Each Failure Mode in Detail

FM1 — Single Point of Failure

What it is: A component whose failure brings down the entire system or a critical path within it. If removing one component from the architecture produces a total failure, that component is a SPOF.

How it forms: Usually from convenience rather than malice. A single DNS server, a single load balancer, a single database node — each was likely chosen because running one is simpler than running three. The cost of that simplicity is paid in downtime.

How to detect it: Draw the architecture diagram. Pick any component. Ask: if this component fails right now, what else stops working? If the answer is “the critical path,” it is a SPOF.

Prevention: Redundancy (F2 P9 and mental model MM9). The minimum is N+1: one extra instance of every component on the critical path. The correct level of redundancy is determined by the availability requirement in the SLO.

Interaction with other failure modes: FM1 is almost always the trigger for FM2. The SPOF fails, and its failure propagates to everything that depends on it.

FM2 — Cascading Failures

What it is: One component failure produces load or latency increases in dependent components, which then fail, producing further increases in their dependants. The failure propagates in a wave.

How it forms: Tight dependencies without isolation. Service A depends on Service B. Service B becomes slow. Service A’s thread pool fills waiting for B to respond. Service A becomes slow. Service C depends on A. Service C fills. Total outage from one slow service.

How to detect it: Trace every dependency chain. For each component, ask: if its latency increased to infinity, what would happen to its callers? If the callers would fail, there is a cascade risk.

Prevention: Circuit breakers (open the circuit when error rate exceeds threshold), bulkheads (isolate failure domains so one failure cannot consume all shared resources), timeouts (bound the time any call waits for a dependency).

Interaction with other failure modes: Cascading failures frequently compound with FM7 (Thundering Herd) — the cascade causes timeouts, which cause retries, which amplify the load on the recovering system.

FM3 — Unbounded Resource Consumption

What it is: A component or process consumes memory, file descriptors, database connections, or threads without a configured limit, eventually exhausting the resource and crashing the host or the process.

How it forms: Missing limits. A job that opens one database connection per request and never closes them. A cache that evicts nothing and grows until the process runs out of heap. An event queue that has no maximum depth and backs up until it fills memory.

How to detect it: Every resource pool (connection pools, thread pools, memory allocators, queue depths) must have a configured maximum. Audit for any resource that can grow proportionally with request volume without a bound.
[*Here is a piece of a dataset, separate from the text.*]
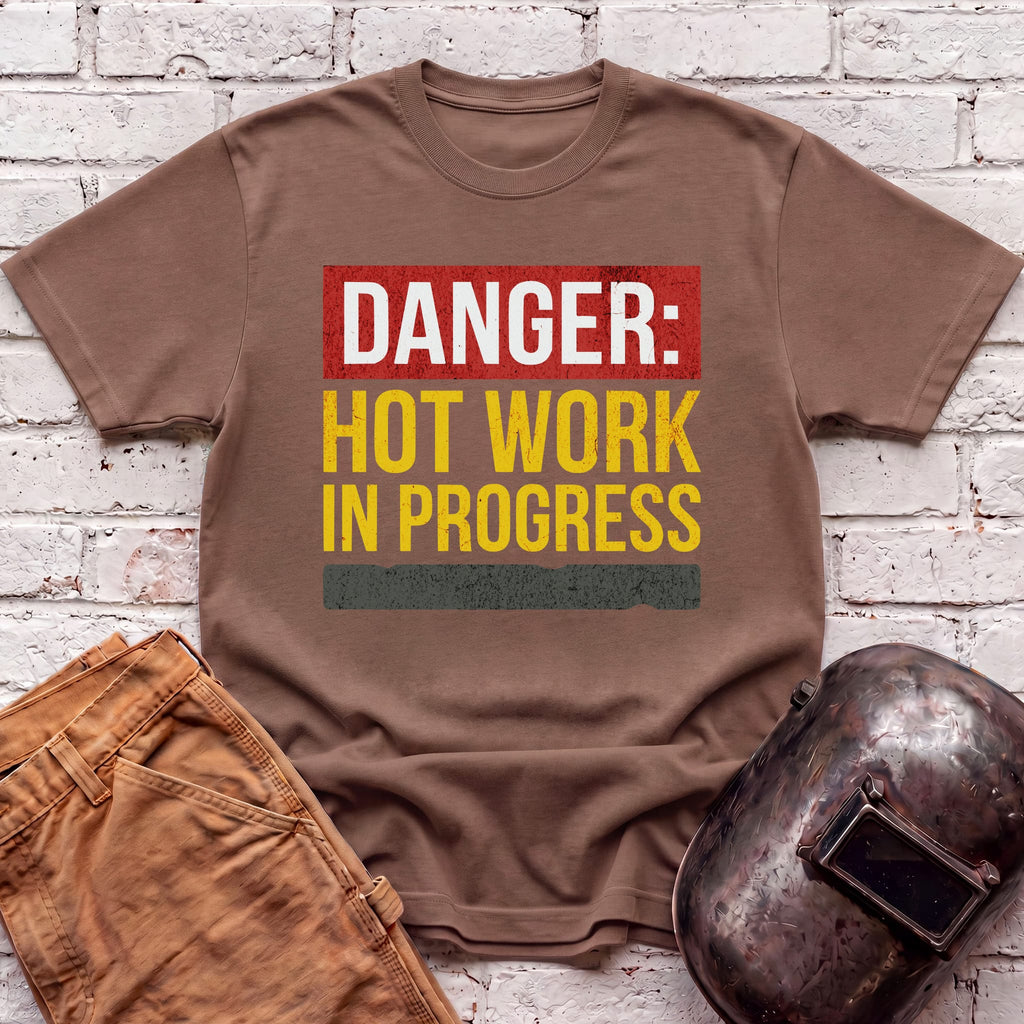DANGER: HOT WORKS In Progress T-shirt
Prevention: Explicit bounds on every resource pool. Thread pool max size. Connection pool max size. Cache max entries or max bytes with an eviction policy. Queue depth limit with backpressure or drop-with-alerting.

Interaction with other failure modes: FM3 is often the mechanism behind FM2. The cascading failure propagates because each component in the chain runs out of connections or threads waiting for a slow dependency.
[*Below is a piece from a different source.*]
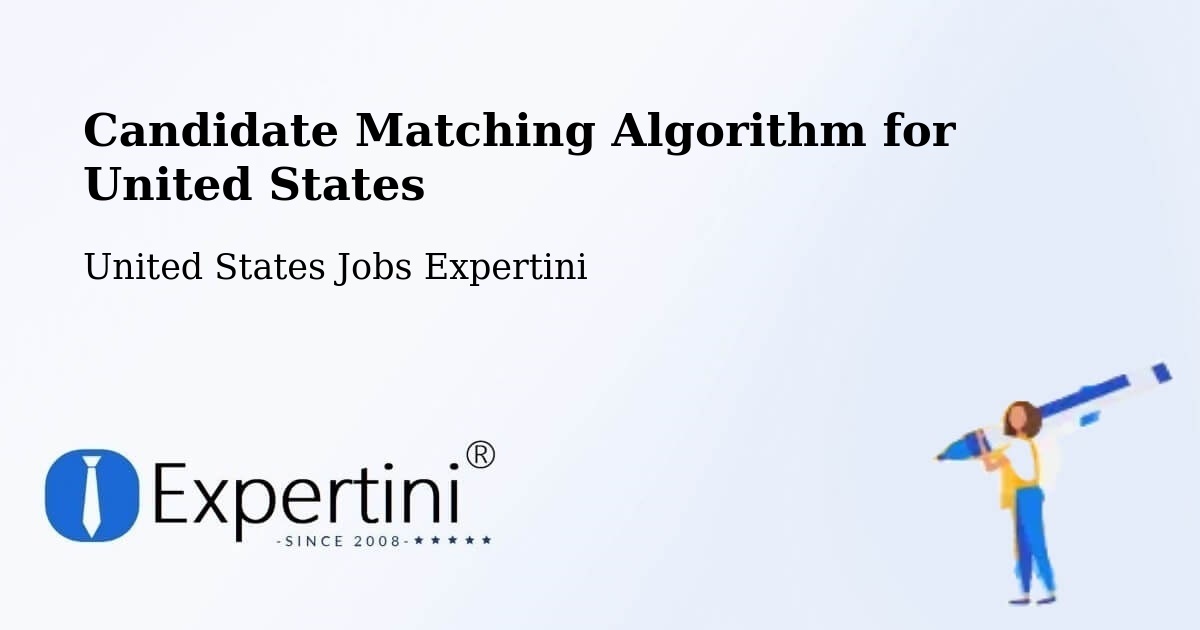 Candidate Matching Algorithm Overview – Cameron Park - United States Jobs Expertini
FM4 — Data Consistency Failure

What it is: Two or more components disagree on the state of the world. The database says the inventory count is 0. The cache says it is 5. A customer buys the item. The database was right.

How it forms: Any system with replicated or cached state can have consistency failures. The cache was not invalidated when the database was updated. Two replicas processed writes in different orders. The read was routed to a follower with replication lag during a critical transaction.

How to detect it: Identify every place where the same data exists in more than one location. For each pair: what is the mechanism for keeping them consistent? What is the window of inconsistency? Is that window acceptable for the use case?

Prevention: Explicit consistency model selection per use case. Strong consistency (synchronous replication, quorum reads/writes) for financial data. Eventual consistency with bounded staleness for social content. Never choose a consistency model by default — choose it deliberately.

Interaction with other failure modes: FM4 and FM9 (Silent Data Corruption) are closely related. Consistency failures produce incorrect data; if there is no alerting or validation, the incorrect data propagates silently, becoming FM9.

FM5 — Latency Amplification

What it is: A single request triggers multiple sequential downstream calls, each adding latency. The total response time is the sum of all downstream latencies. At P99, this sum can violate the SLO even when each individual call is within budget.

How it forms: Synchronous call chains. Service A calls B, B calls C, C calls D. The latency of the request to A is at minimum the sum of latencies to B, C, and D. Fan-out patterns are worse: A calls B, C, and D in parallel, but the response waits for the slowest of them.

How to detect it: Distributed tracing (F8 #26) maps the full call chain for any request. The critical path of the trace shows the latency accumulation. Any call chain with more than three synchronous hops is a latency amplification risk at high percentiles.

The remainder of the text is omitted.